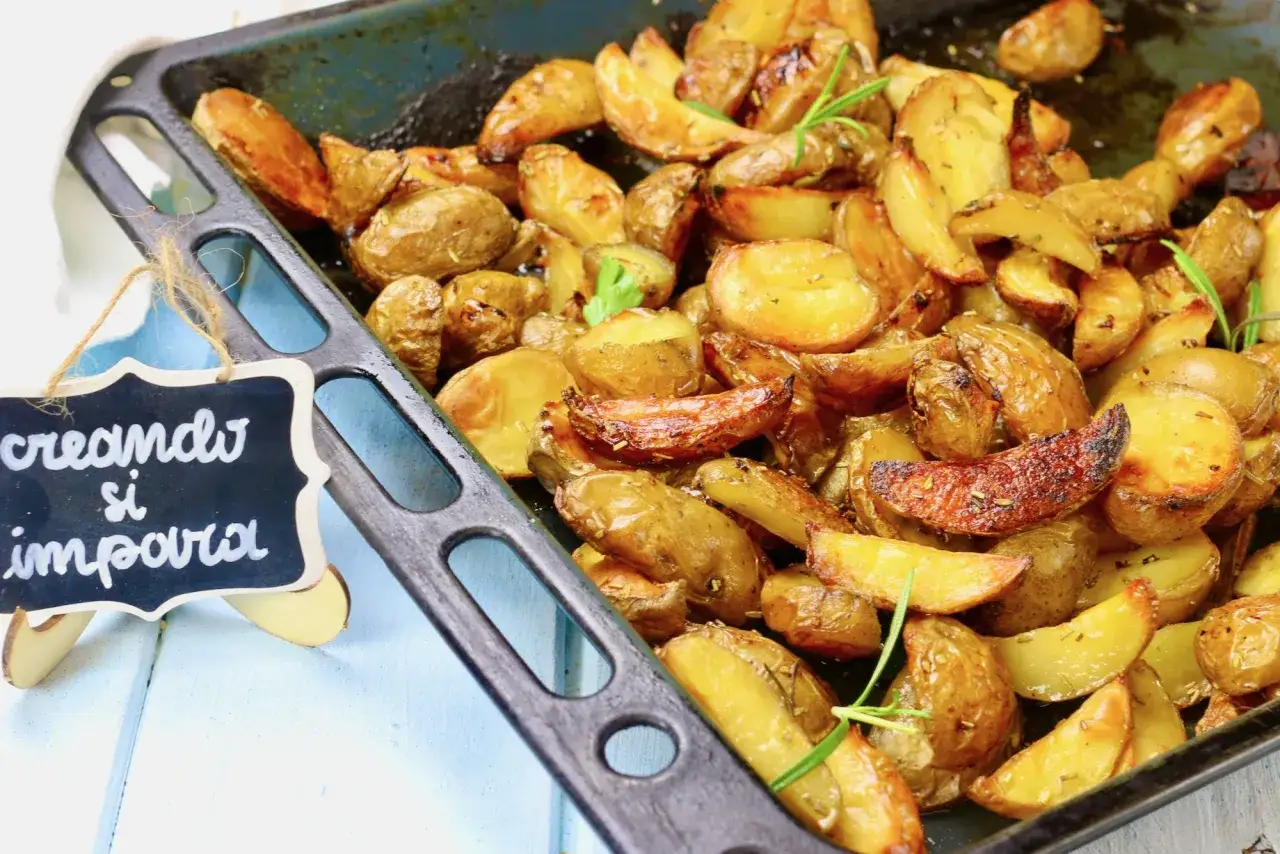 Patate al forno dorate e croccanti, un classico per ogni ricetta con patate. Perfette per ogni occasione!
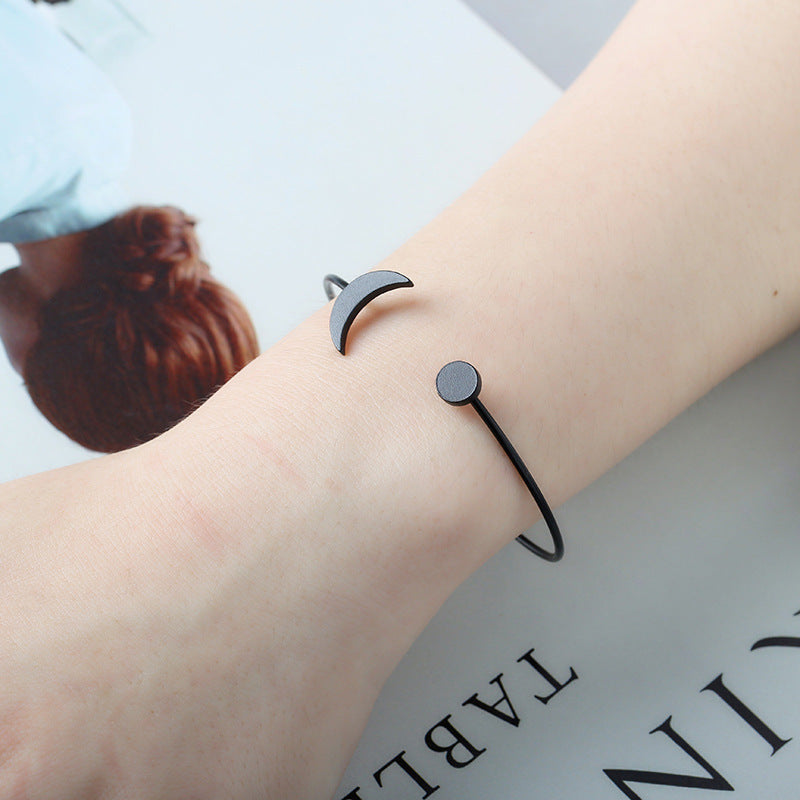Womens Sun And Moon Bracelet Adjustable Electroplated Metal Geometric Jewelry Gift Elegant Fashion Jewelry For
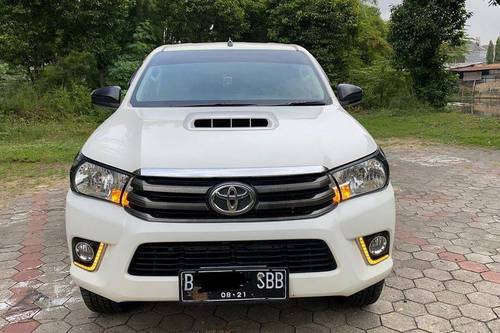 Used 2016 Toyota Hilux Double Cabin 2.5L MT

┄┄┄┄┄┄┄┄┄┄

▶ **Task prompt**:
Retyped exactly, the lines from the one holding "Womens Sun And" through the last line of the data above are the whole answer. Pictures stay out.

▶ **Exercise answer**:
Womens Sun And Moon Bracelet Adjustable Electroplated Metal Geometric Jewelry Gift Elegant Fashion Jewelry For
 Used 2016 Toyota Hilux Double Cabin 2.5L MT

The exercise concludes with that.